Among the first plants to pop up, snowdrops are part of the genus Galanthus, a word that comes from the Greek gala meaning milk and anthos meaning flower.Although a superficial glance would lead you to believe that snowdrops are all alike, a white flower on a slight but sturdy stem, according to a knowledgeable source in England there are in fact over 500 named cultivars.
The flower is made up of three outer and three inner petals, all white but with a fleck or small green mark on the inner petal. The clearly defined green lines on these petals, a blossom picked on March 11 from a local garden, makes it identical to a cultivar named “Rosie” that can be seen on a marvelous website “Snowdropinfo.com”. The website, which is run by a grower in the UK, carries lots of information and illustrations of these lovely spring flowers. Check out the Galanthus Gallery. The website also contains a warning about buying Galanthus bulbs on the net. Apparently some unscrupulous dealers have been misrepresenting their wares on eBay and buyers have been burned.
As a follow-up to our own confusion in identifying the sky-blue flowers that appeared in a recent post (March 9), we’re presenting a few other suggestions for spring ground covers.

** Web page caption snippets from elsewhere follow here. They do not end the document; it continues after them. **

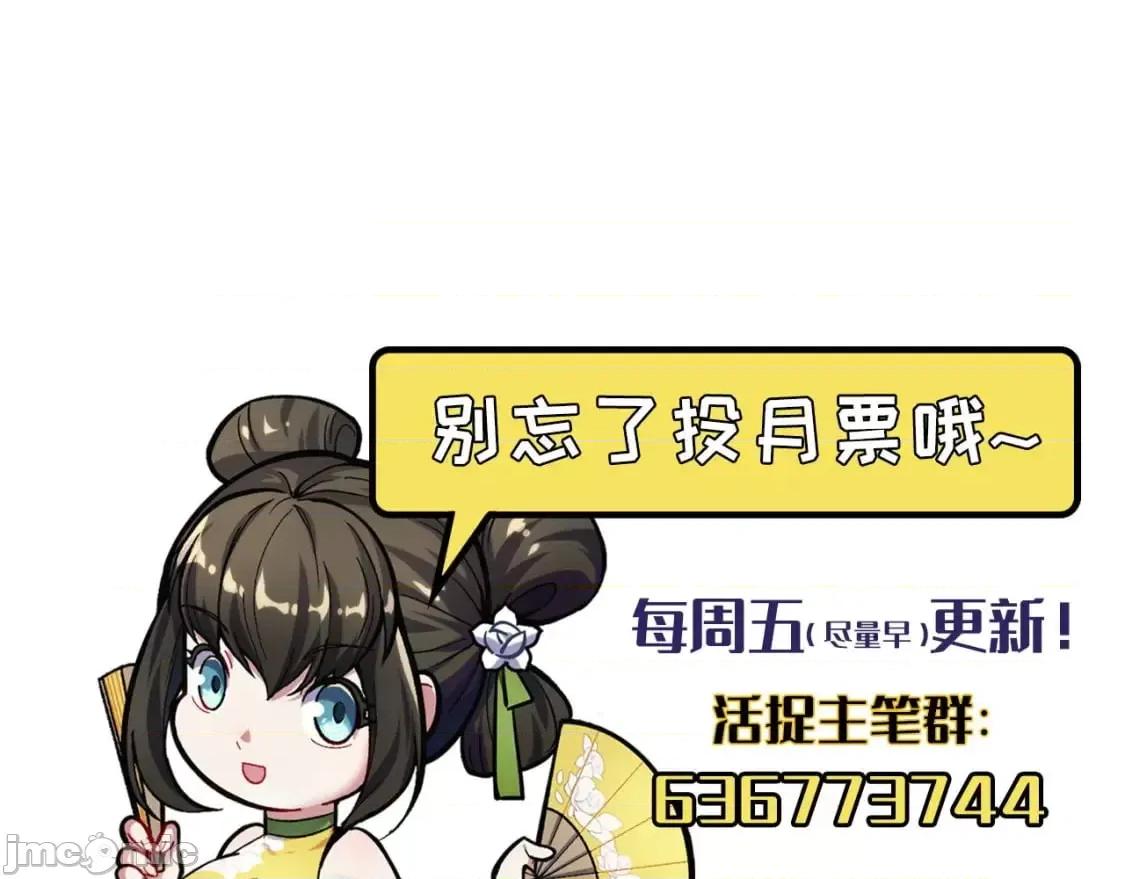 藏锋行 藏锋行_灭门夺剑 第90页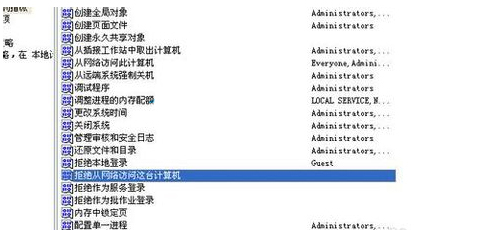 XP局域网共享设置密码教程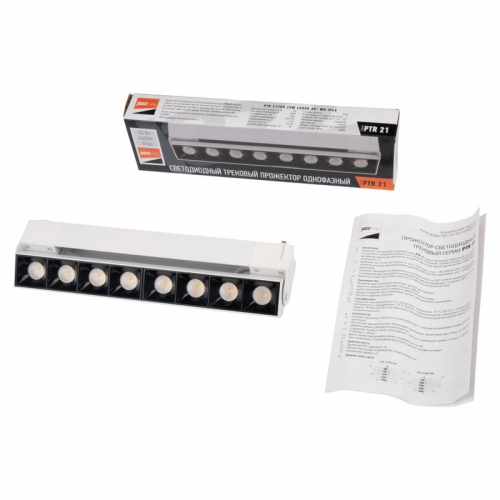 Светильник светодиодный трековый PTR 2120R 20Вт 4000К IP40 60град. 270мм WH бел. JazzWay 5031586 5031586
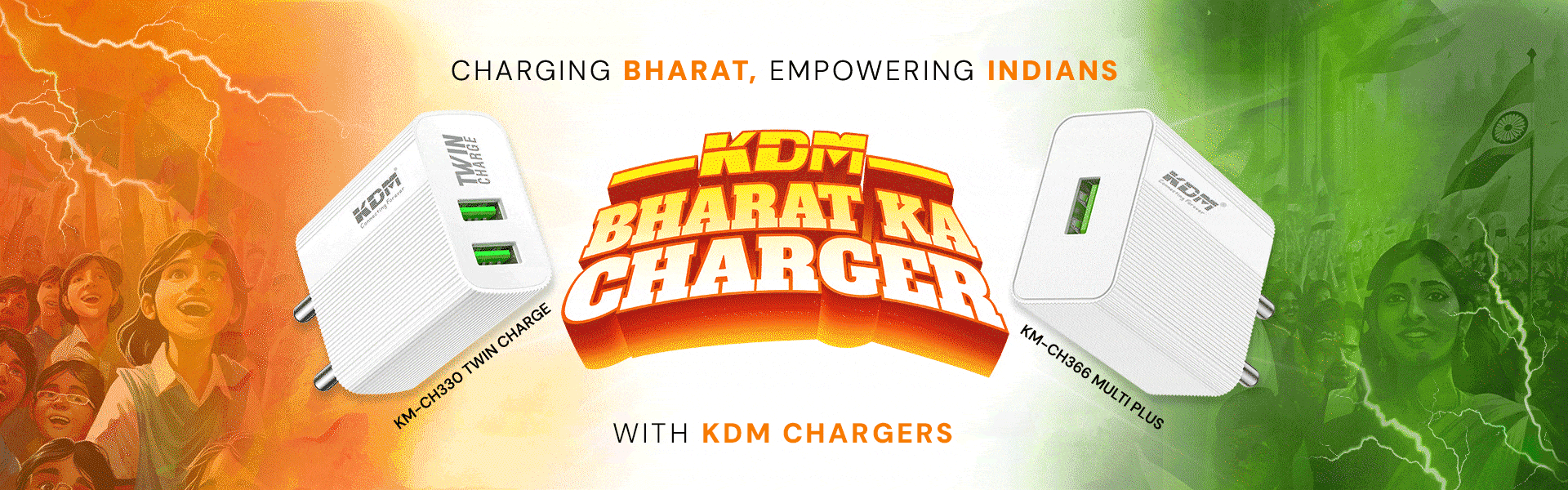 KDM Bharat ka Cahrger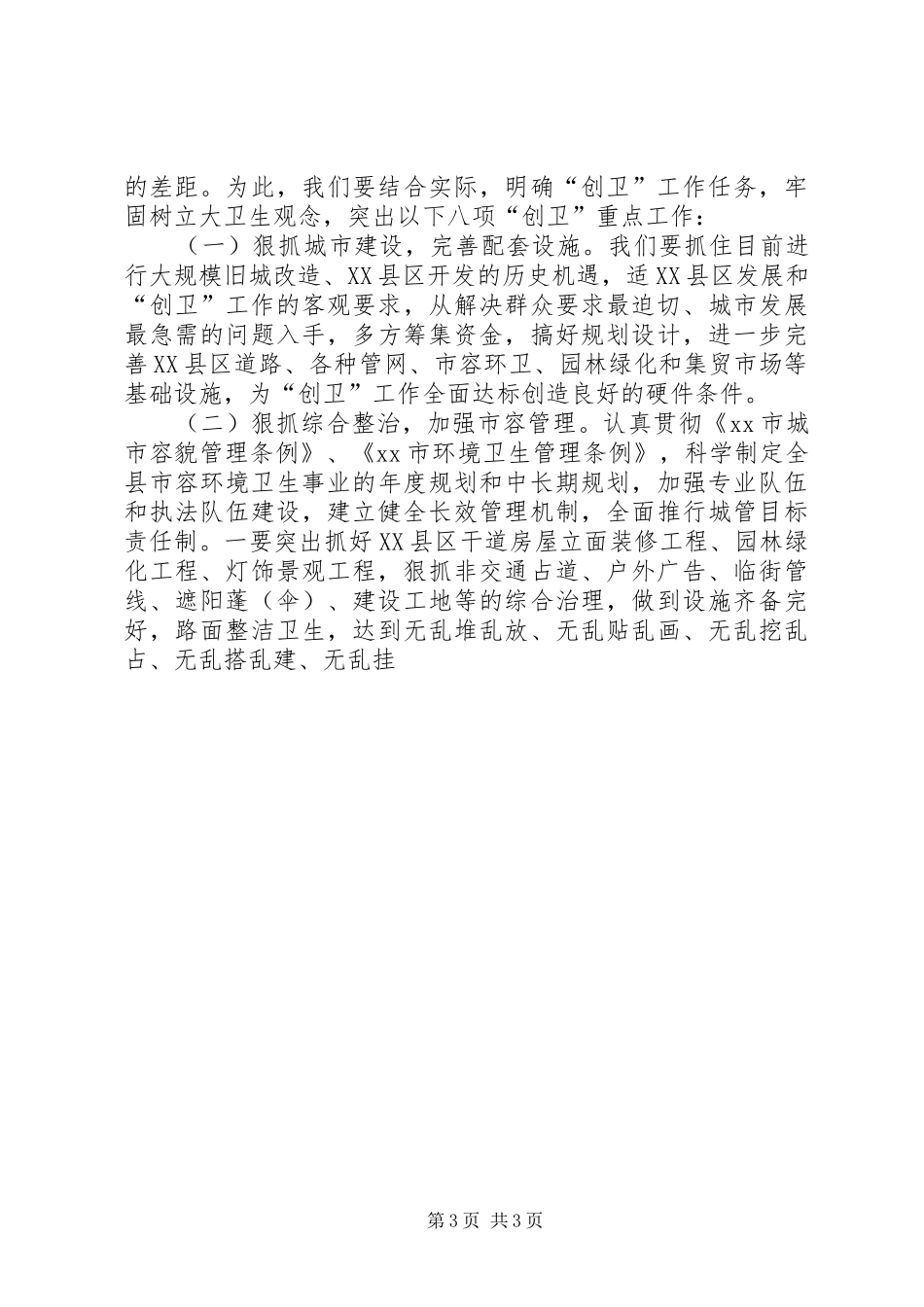 县长在XX县创建市级卫生城市工作动员会上的讲话发言_第3页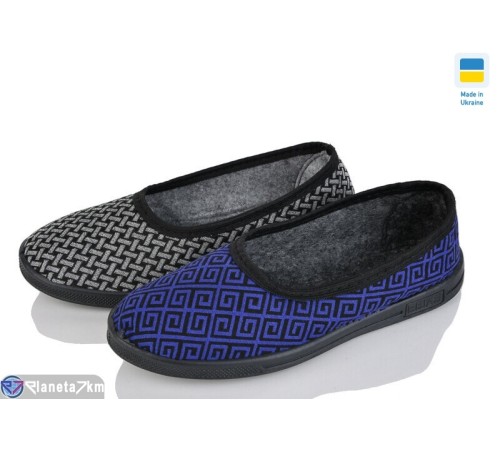 Тапки жіночі на весну/осінь (7 пар р.37-41) мікс  "Korka"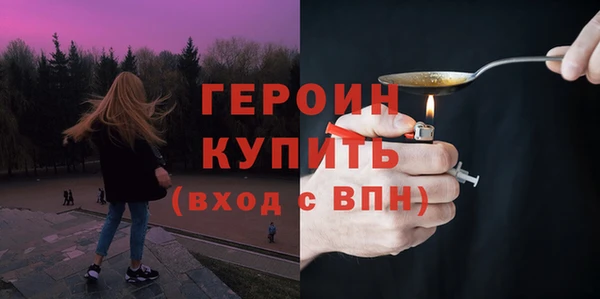 прущие крисы Каменногорск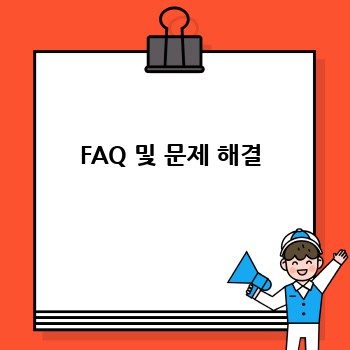 FAQ 및 문제 해결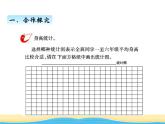 四.第2課時(shí)綜合統(tǒng)計(jì)應(yīng)用課件 西師版小學(xué)數(shù)學(xué)六年級下冊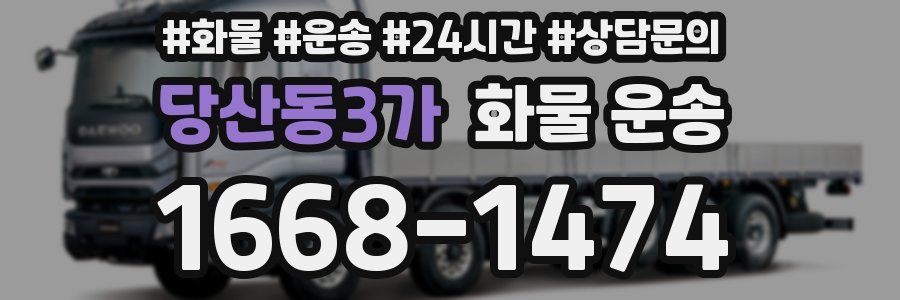 당산동3가 화물 운송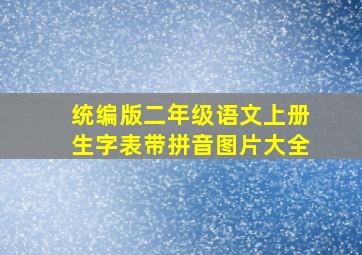 统编版二年级语文上册生字表带拼音图片大全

One of the candidates for consideration was Phlox sublata (known as creeping phlox or moss phlox). This plant is native to North America and is hardy from zones 3 to 9. It belongs to the family Polemonioideae and forms a mound of about 15 cms in height. This plant produces mostly pink flowers, however, and even the blue hues are more nearly mauve. So, after further input from other viewers, this plant was discounted as not fitting the specs, but it is certainly a worthy choice for any spring garden. It is particularly effective in rock gardens or along the edge of a path or a low wall.
The mystery plant would thus seem most likely to be Veronica chamaedrys (also known as Birds-eye Speedwell), a native to Europe but certainly well adapted to life in Nova Scotia. It is a herbaceous perennial that grows to be about 12 cm tall. It creeps along the ground, forming a dense mat and sending down roots at the stem nodes. It belongs to the family Plantaginaceae.
The Veronica’s colour is similar to that of the blue Myositis arvensis (Forget-me-nots), widely known as self-seeding annuals in our area. In addition to adding (often unbidden) charm to our landscapes, Forget-me-nots are useful as food plants to the larvae of some moths. They come in pinks and whites as well as shades of blue.
And, although not strictly speaking a “ground cover”, another early spring favourite is the crocus, which comes in many hues. This photo was taken in a Chester garden guarded by very active kittens who take it as their mission to protect the bulbs from predatory squirrels.